At the Sunderland Bridge over the Connecticut it occurs to me that a ceremonial picture is required.  I look south to the knob of Mt. Tom, but its directly in the sun.  I sit for a minute, propped up against the bridge railing and drink the last of my chocolate milk, still respectably cool.  Then, I face upstream, and point my camera toward the mid-stream island and valley beyond, and snap a photo.  It later turns out to be a very satisfying shot.  As I bike down the other side of the bridge I almost miss the two fishermen casting for shad in the afternoon shadows below.

I reach South Deerfield Center and there drop in on my friend Sara, who directs the library.  She’s just over in town running a few errands, I’m told.  I decide to sit in the shade and wait.  I crunch down the last of that very good sub, and then stretch my legs walking back toward the town center.  I don’t see Sara, and start back when I hear my name called.  I wait while she catches up, and we chat a bit.  I run down a few highlights of my trip.  Nice to see an old friend as you near home.
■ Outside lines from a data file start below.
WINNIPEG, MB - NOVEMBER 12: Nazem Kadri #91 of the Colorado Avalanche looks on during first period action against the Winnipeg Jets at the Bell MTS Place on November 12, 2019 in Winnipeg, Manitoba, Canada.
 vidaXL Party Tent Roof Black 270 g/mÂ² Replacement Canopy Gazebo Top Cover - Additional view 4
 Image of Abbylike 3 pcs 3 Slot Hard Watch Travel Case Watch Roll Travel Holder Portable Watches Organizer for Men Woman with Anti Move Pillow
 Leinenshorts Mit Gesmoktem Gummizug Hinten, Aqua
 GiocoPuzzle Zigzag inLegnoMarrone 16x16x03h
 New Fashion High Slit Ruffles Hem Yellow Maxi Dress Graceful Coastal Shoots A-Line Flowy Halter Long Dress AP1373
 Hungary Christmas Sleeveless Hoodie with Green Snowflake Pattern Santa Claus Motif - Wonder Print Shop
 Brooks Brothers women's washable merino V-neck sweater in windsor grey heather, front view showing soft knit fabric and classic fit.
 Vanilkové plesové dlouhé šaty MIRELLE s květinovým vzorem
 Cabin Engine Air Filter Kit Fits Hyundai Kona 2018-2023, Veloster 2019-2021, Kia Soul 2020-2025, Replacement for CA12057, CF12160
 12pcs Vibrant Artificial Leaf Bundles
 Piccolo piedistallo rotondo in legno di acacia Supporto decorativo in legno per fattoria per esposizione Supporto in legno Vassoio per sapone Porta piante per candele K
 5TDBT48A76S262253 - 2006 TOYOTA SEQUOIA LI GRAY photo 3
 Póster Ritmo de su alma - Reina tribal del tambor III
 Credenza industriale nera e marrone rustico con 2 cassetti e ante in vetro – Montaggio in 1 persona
Then, I’m back on the bike, tired, for what are truly the last miles.  I take the back roads into the south end of Old Deerfield, tract housing that morphs into rural farmland and old dairying tracts at Stillwater.  But, here too, the modern, consumptive age is at work.  Huge, rolling sprinklers, in attached, 100 foot segments, are spraying ornamental flower “crops” in two different fields.  Each, with linked segments, is about 500 feet long.  It’s a scene you might imagine in the Central Valley of California, but hardly what one envisions here to grown boutique flowers by drawing deeply on the waters of the Deerfield, not a mile from that river’s mouth.  I have to snap a photo.

At last, I pull up the final hill into Greenfield at Bank Row, and head the last blocks to my apartment.  There’s a bunch of mail in the box and I somehow decide to grab it now, since I don’t think I’ll have much energy to walk back down once inside.  I am literally stumbling up the fire escape stairs under the weight of my loaded bike when I hear a car pull up.  It’s my friend Tonia, who’s come to pick up my mail.  She can’t believe I’m back already.

Later when I’m checking phone messages there’s one from Tony, from this afternoon:  “Karl.  I’m really sorry about lunch today.  I don’t know.  I just start fishing and I can’t stop.  Obsessed, I guess that’s the word for it.  As my wife just said to me, “Once an asshole, always an asshole,” I do apologize.”

I understand Tony’s obsession with shad, they just took me on a 250 mile bike run, and I’m hardly done with the journey yet.